HOW TO COMPLETE THIS TASK |
After finding the line with "To complete the process of publishing for" in the entries below, retype exactly each line from there through the line with "Hi, this is", including that final line.

DATA |
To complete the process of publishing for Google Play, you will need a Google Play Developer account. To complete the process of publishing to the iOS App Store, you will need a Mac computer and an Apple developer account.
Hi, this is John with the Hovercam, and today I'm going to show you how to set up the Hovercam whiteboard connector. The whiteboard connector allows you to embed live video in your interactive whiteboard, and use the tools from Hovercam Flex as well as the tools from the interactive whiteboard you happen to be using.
---
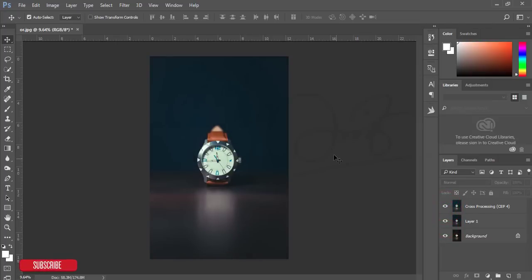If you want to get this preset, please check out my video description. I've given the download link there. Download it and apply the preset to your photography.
---
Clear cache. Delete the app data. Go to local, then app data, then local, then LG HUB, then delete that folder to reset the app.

TASK SOLUTION |
To complete the process of publishing for Google Play, you will need a Google Play Developer account. To complete the process of publishing to the iOS App Store, you will need a Mac computer and an Apple developer account.
Hi, this is John with the Hovercam, and today I'm going to show you how to set up the Hovercam whiteboard connector. The whiteboard connector allows you to embed live video in your interactive whiteboard, and use the tools from Hovercam Flex as well as the tools from the interactive whiteboard you happen to be using.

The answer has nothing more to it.